Do you have a case where that argument is not valid and not a rare use case?

NoahTheDuke · August 29, 2023, 7:59pm

I understand that argument, but it’s not true that lists are only iterated. For example, I have a list of objects inside of a nested dictionary. I want to get a property of the first item in the list:

state = {"corp": {"hand": [{"title": "Sure Gamble"}]}}

state.get("corp", {}).get("hand", [])[0].get("title", "")

The .get() calls allow me to write a somewhat fluent and safe getter for the nested objects. But this blows up if the list is empty. To work around that, I have to store in a variable and then either check the length of the list or wrap the indexing in a try/except. If I’m using a variable index instead of a literal 0, then I need to use try/except because of negative indexes.

That’s a fairly complex example, but I think even the simple examples would benefit. For example, I want to look at the current item and the next item in a for loop. The following code blows up but with a safe get, it would do the “right” thing without blowing up:

lst = list(range(10))
for idx, item in enumerate(lst):
    next_item = lst[idx + 1]
    print(item, next_item)

I know the argument that there are ways around these situations (see the SO threads linked above) or that a simple if/then is easy to use, so we shouldn’t bloat the standard library. I think that such an argument exists for dictionaries as well. Why can’t people just use if "some_key" in d: ret = d["some_key"] else: ret = "default value"?

Given that dict.get() is both used and loved enough to make people want it for list, I see great value in adding it to list.

pf_moore · August 29, 2023, 8:09pm

Maybe look at the glom library on PyPI, which as far as I know is designed to handle this sort of use case specifically.

As far as the proposal here is concerned, I find the chained get expression incredibly difficult to read, and I’m -1 on adding features to the language that encourage this type of thing.

Rosuav · August 29, 2023, 8:33pm

Noah Bogart:

state.get("corp", {}).get("hand", [])[0].get("title", "")
The .get() calls allow me to write a somewhat fluent and safe getter for the nested objects. But this blows up if the list is empty. To work around that, I have to store in a variable and then either check the length of the list or wrap the indexing in a try/except. If I’m using a variable index instead of a literal 0, then I need to use try/except because of negative indexes.

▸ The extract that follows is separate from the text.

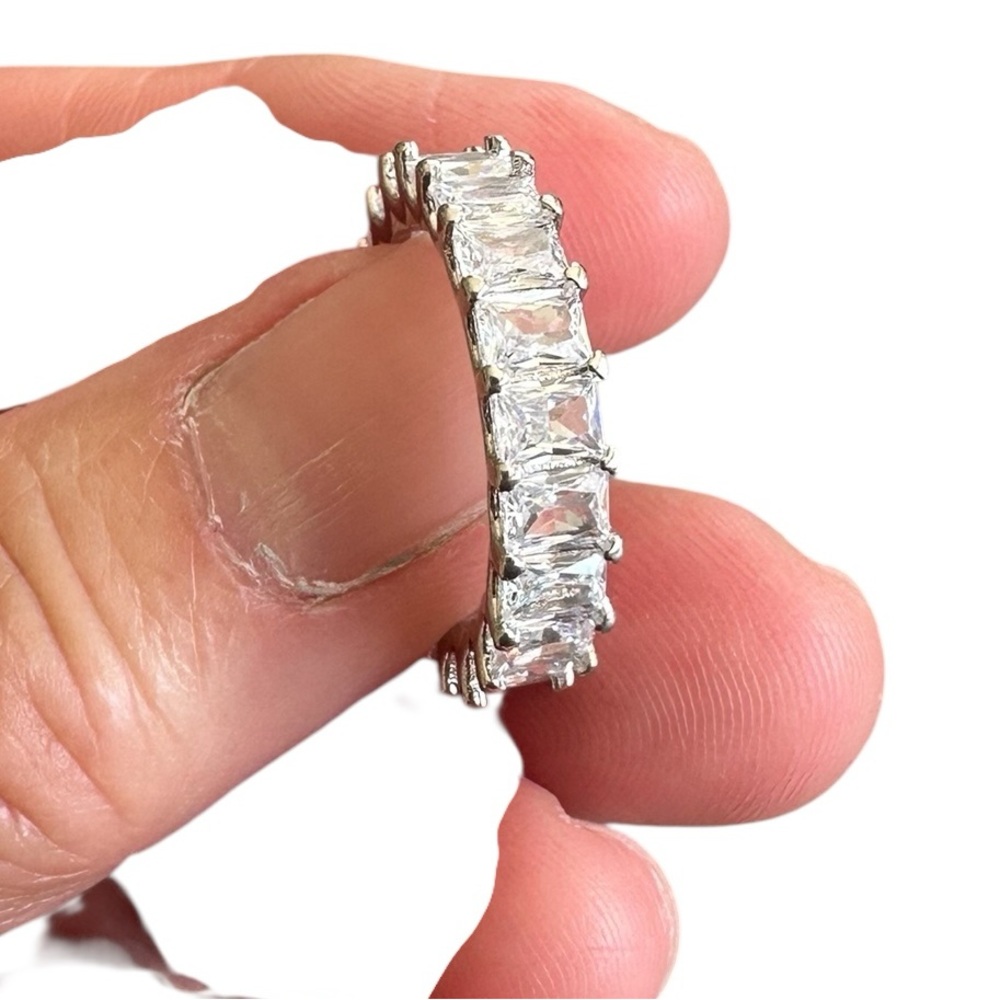 Silver Rectangular Diamond Lined Ring - image 5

Honestly, this sounds like a great use for PEP 463…

NoahTheDuke · August 29, 2023, 8:40pm

I don’t think the chained .get() is common, just something I ran into today. I suspect the majority of use-cases are single calls.

If that’s your final opinion tho, I’ll trust your opinion and leave it be. Thanks for the feedback.

NoahTheDuke · August 29, 2023, 8:42pm

Thanks for the reference PEP. It’s interesting to see this situation referenced but a completely alternate approach taken (and subsequently rejected).

Rosuav · August 29, 2023, 8:56pm

Yeah. Part of the reasoning is that the situations where this would be useful are relatively rare, and are often best handled with a path-traversal function, such as:

def get(state, *path):
    try:
        for step in path:
            state = state[step]
    except LookupError:
        return None
    return state

get(state, "corp", "hand", 0, "title")

If you wanted, you could even make this a __getitem__ method on a class that always returns another instance of itself, although personally, I’d go for the simpler option of a helper function (since this sort of data often gets loaded/saved in JSON and it’s easier to use real dicts and lists).

NoahTheDuke · August 30, 2023, 2:52pm

That’s true, and the alternatives are fairly easy. It’s just nice to provide a built-in that makes specific use-cases easier, cover what looks like a gap in the api. Given that the first reply said it comes up “every now and again” and I found two heavily upvoted threads on Stack Overflow, I’d expect that to weigh a little bit for adding something to make this easier on folks (like me lol).

NeilGirdhar · August 30, 2023, 4:01pm

Just FYI, there’s a nice way to write this:

from itertools import pairwise
lst = list(range(10))
for item, next_item in pairwise(lst):
    print(item, next_item)

flyinghyrax · August 30, 2023, 4:47pm

I would be on board, and IMO this should just be added to collections.abc.Sequence as a generic method of indexable collections.

Like OP I run into this paper cut fairly often, and feel existing solutions have shortcomings compared to the proposed method.

Besides the symmetry with dict.get, I think this utility method mirrors similar collection APIs in other language standard libraries (but I’ll need to cite that later when I’m off work).

storchaka · August 30, 2023, 5:01pm

Just use an external function:

def get(mapping, key, default=None):
    if key in mapping:
        return mapping[key]
    else:
        return default

flyinghyrax · August 30, 2023, 6:43pm

As has been pointed out already,

You could just as well say the same for dict.get, or for any other non-dunder collection method.
We already know how to write wrapper functions and other utilities for this use case.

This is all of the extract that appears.